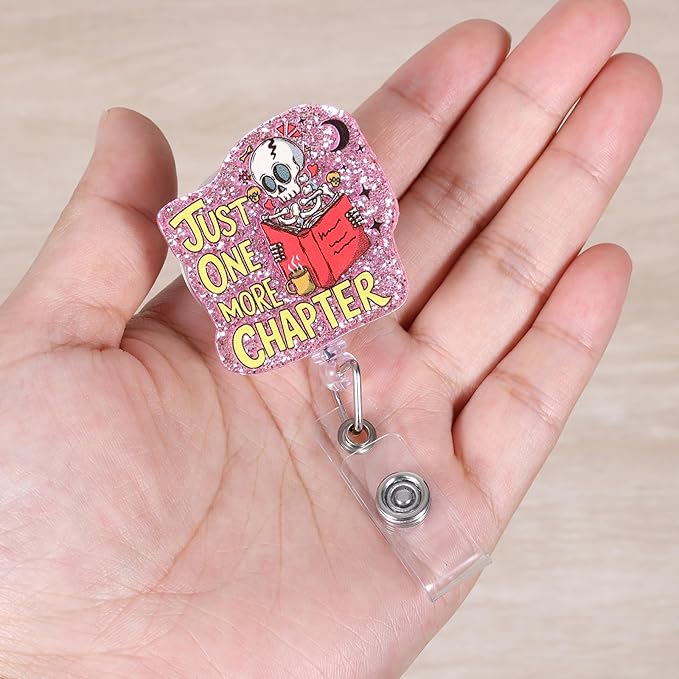 Just One More Chapter Book Lover Badge Reel, Cute Reading Skeleton Librarian Retractable ID Card Badge Holder, Interchangeable Name Tag Badge Clip for Library Staff Gifts, Bookworm Accessories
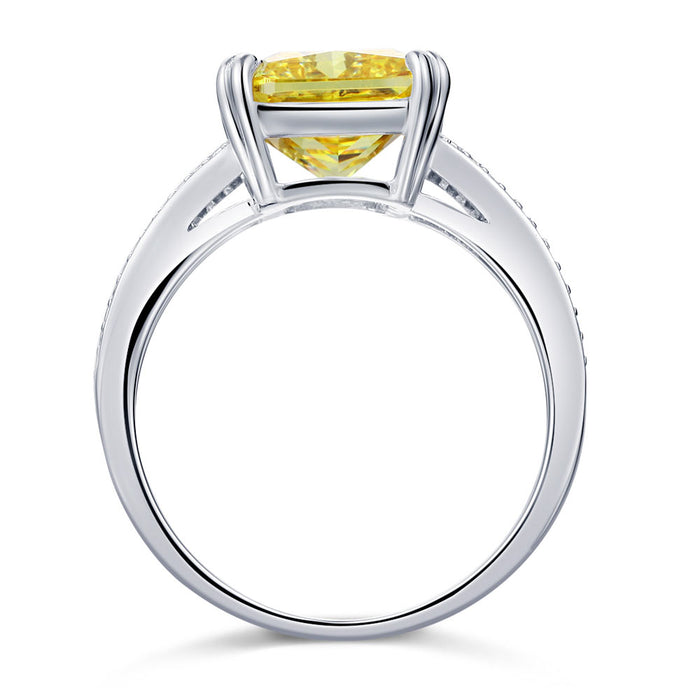 925 Sterling Silver Luxury Ring 6 Carat Fancy Yellow Simulated Diamond Radiant Cut XFR8154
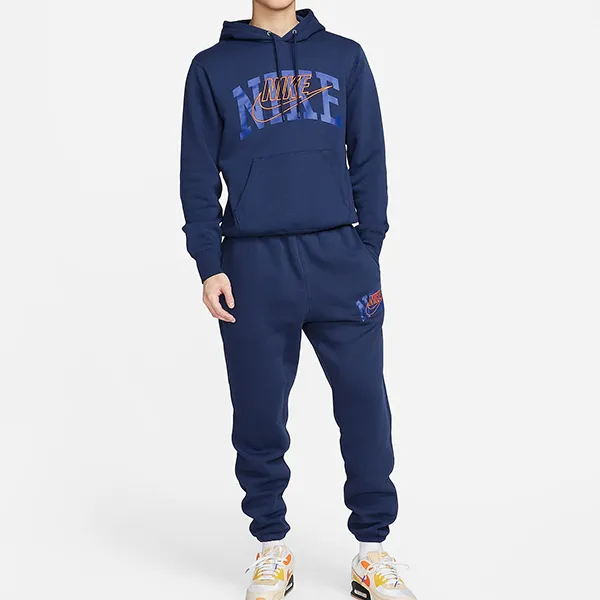 Bộ Thể Thao Nam Nike Club Fleece Pullover Hoodie FV4448-410/FV4453-410 Màu Xanh Navy S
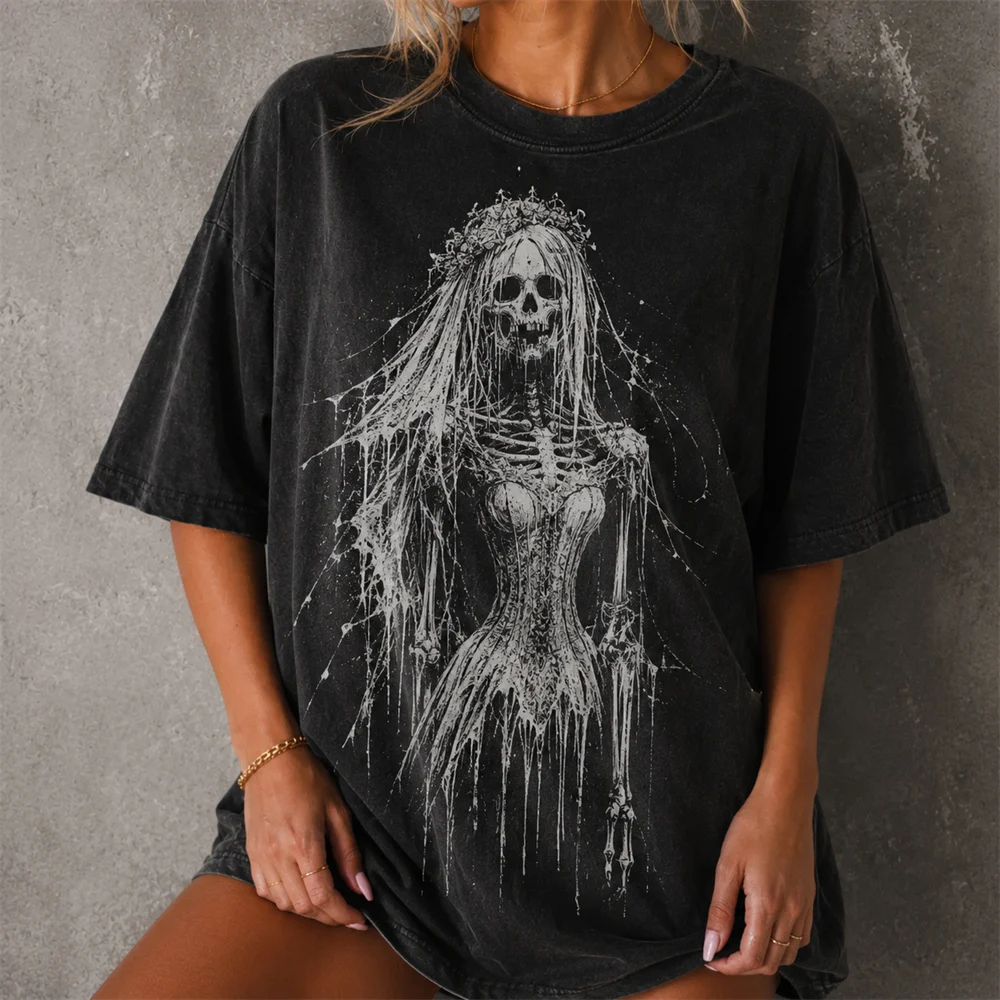 Halloween Gothic Ghost T-shirt Men Women Vintage Black Oversized 3D Print Tee Skull Graphic Short Sleeve Casual Streetwear Top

▸ **PROBLEM REQUIREMENTS**
Omitting the images, copy the listing exactly.

▸ **COMPLETED EXERCISE**
 Just One More Chapter Book Lover Badge Reel, Cute Reading Skeleton Librarian Retractable ID Card Badge Holder, Interchangeable Name Tag Badge Clip for Library Staff Gifts, Bookworm Accessories
 925 Sterling Silver Luxury Ring 6 Carat Fancy Yellow Simulated Diamond Radiant Cut XFR8154
 Bộ Thể Thao Nam Nike Club Fleece Pullover Hoodie FV4448-410/FV4453-410 Màu Xanh Navy S
 Halloween Gothic Ghost T-shirt Men Women Vintage Black Oversized 3D Print Tee Skull Graphic Short Sleeve Casual Streetwear Top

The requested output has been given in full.